Start of PROVIDED MATERIAL

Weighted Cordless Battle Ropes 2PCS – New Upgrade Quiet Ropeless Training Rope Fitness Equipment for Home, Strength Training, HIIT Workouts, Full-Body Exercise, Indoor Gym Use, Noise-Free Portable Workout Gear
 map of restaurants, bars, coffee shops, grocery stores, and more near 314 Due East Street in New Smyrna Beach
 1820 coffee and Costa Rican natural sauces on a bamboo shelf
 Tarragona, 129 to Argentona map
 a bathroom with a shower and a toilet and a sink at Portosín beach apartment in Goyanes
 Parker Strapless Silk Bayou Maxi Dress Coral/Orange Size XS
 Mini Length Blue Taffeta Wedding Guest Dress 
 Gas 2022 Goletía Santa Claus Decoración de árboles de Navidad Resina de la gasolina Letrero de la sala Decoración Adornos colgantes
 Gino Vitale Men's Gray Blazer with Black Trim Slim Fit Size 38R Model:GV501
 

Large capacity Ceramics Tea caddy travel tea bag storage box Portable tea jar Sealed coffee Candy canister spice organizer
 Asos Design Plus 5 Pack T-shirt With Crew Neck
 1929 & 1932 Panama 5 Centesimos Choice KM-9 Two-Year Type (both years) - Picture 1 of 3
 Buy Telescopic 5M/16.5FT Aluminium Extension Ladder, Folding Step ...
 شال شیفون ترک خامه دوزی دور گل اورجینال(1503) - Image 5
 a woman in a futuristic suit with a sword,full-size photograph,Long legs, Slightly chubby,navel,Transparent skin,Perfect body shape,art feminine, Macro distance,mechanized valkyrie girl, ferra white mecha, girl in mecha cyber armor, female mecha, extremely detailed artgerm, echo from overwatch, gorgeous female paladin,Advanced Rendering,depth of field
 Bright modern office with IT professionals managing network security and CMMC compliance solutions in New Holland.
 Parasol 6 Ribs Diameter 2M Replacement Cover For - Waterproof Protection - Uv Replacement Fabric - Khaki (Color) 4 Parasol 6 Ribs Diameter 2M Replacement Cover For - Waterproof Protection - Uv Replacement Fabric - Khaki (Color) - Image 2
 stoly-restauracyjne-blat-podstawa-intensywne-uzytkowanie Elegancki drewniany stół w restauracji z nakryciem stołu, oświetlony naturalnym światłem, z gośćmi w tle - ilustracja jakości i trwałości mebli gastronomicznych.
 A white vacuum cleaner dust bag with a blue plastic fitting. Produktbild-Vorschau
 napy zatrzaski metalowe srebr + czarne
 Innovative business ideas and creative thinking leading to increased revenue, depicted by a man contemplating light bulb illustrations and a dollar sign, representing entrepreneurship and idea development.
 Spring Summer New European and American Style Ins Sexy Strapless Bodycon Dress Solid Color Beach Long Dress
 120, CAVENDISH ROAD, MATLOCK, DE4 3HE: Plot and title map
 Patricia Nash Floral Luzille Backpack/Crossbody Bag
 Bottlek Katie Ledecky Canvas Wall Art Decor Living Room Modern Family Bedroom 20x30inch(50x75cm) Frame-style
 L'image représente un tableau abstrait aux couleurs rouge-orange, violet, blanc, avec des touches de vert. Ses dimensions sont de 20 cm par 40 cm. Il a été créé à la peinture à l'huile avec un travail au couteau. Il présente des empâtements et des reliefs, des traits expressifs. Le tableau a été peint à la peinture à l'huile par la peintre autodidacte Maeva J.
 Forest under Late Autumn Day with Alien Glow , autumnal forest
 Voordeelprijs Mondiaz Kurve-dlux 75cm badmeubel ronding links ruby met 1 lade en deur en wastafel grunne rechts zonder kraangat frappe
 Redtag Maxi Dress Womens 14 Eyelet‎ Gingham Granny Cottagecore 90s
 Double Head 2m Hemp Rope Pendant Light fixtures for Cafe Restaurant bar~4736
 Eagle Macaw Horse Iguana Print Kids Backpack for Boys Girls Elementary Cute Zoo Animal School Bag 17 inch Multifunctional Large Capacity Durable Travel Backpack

End of PROVIDED MATERIAL

Write out the records again, exactly as given.

Weighted Cordless Battle Ropes 2PCS – New Upgrade Quiet Ropeless Training Rope Fitness Equipment for Home, Strength Training, HIIT Workouts, Full-Body Exercise, Indoor Gym Use, Noise-Free Portable Workout Gear
 map of restaurants, bars, coffee shops, grocery stores, and more near 314 Due East Street in New Smyrna Beach
 1820 coffee and Costa Rican natural sauces on a bamboo shelf
 Tarragona, 129 to Argentona map
 a bathroom with a shower and a toilet and a sink at Portosín beach apartment in Goyanes
 Parker Strapless Silk Bayou Maxi Dress Coral/Orange Size XS
 Mini Length Blue Taffeta Wedding Guest Dress 
 Gas 2022 Goletía Santa Claus Decoración de árboles de Navidad Resina de la gasolina Letrero de la sala Decoración Adornos colgantes
 Gino Vitale Men's Gray Blazer with Black Trim Slim Fit Size 38R Model:GV501
 

Large capacity Ceramics Tea caddy travel tea bag storage box Portable tea jar Sealed coffee Candy canister spice organizer
 Asos Design Plus 5 Pack T-shirt With Crew Neck
 1929 & 1932 Panama 5 Centesimos Choice KM-9 Two-Year Type (both years) - Picture 1 of 3
 Buy Telescopic 5M/16.5FT Aluminium Extension Ladder, Folding Step ...
 شال شیفون ترک خامه دوزی دور گل اورجینال(1503) - Image 5
 a woman in a futuristic suit with a sword,full-size photograph,Long legs, Slightly chubby,navel,Transparent skin,Perfect body shape,art feminine, Macro distance,mechanized valkyrie girl, ferra white mecha, girl in mecha cyber armor, female mecha, extremely detailed artgerm, echo from overwatch, gorgeous female paladin,Advanced Rendering,depth of field
 Bright modern office with IT professionals managing network security and CMMC compliance solutions in New Holland.
 Parasol 6 Ribs Diameter 2M Replacement Cover For - Waterproof Protection - Uv Replacement Fabric - Khaki (Color) 4 Parasol 6 Ribs Diameter 2M Replacement Cover For - Waterproof Protection - Uv Replacement Fabric - Khaki (Color) - Image 2
 stoly-restauracyjne-blat-podstawa-intensywne-uzytkowanie Elegancki drewniany stół w restauracji z nakryciem stołu, oświetlony naturalnym światłem, z gośćmi w tle - ilustracja jakości i trwałości mebli gastronomicznych.
 A white vacuum cleaner dust bag with a blue plastic fitting. Produktbild-Vorschau
 napy zatrzaski metalowe srebr + czarne
 Innovative business ideas and creative thinking leading to increased revenue, depicted by a man contemplating light bulb illustrations and a dollar sign, representing entrepreneurship and idea development.
 Spring Summer New European and American Style Ins Sexy Strapless Bodycon Dress Solid Color Beach Long Dress
 120, CAVENDISH ROAD, MATLOCK, DE4 3HE: Plot and title map
 Patricia Nash Floral Luzille Backpack/Crossbody Bag
 Bottlek Katie Ledecky Canvas Wall Art Decor Living Room Modern Family Bedroom 20x30inch(50x75cm) Frame-style
 L'image représente un tableau abstrait aux couleurs rouge-orange, violet, blanc, avec des touches de vert. Ses dimensions sont de 20 cm par 40 cm. Il a été créé à la peinture à l'huile avec un travail au couteau. Il présente des empâtements et des reliefs, des traits expressifs. Le tableau a été peint à la peinture à l'huile par la peintre autodidacte Maeva J.
 Forest under Late Autumn Day with Alien Glow , autumnal forest
 Voordeelprijs Mondiaz Kurve-dlux 75cm badmeubel ronding links ruby met 1 lade en deur en wastafel grunne rechts zonder kraangat frappe
 Redtag Maxi Dress Womens 14 Eyelet‎ Gingham Granny Cottagecore 90s
 Double Head 2m Hemp Rope Pendant Light fixtures for Cafe Restaurant bar~4736
 Eagle Macaw Horse Iguana Print Kids Backpack for Boys Girls Elementary Cute Zoo Animal School Bag 17 inch Multifunctional Large Capacity Durable Travel Backpack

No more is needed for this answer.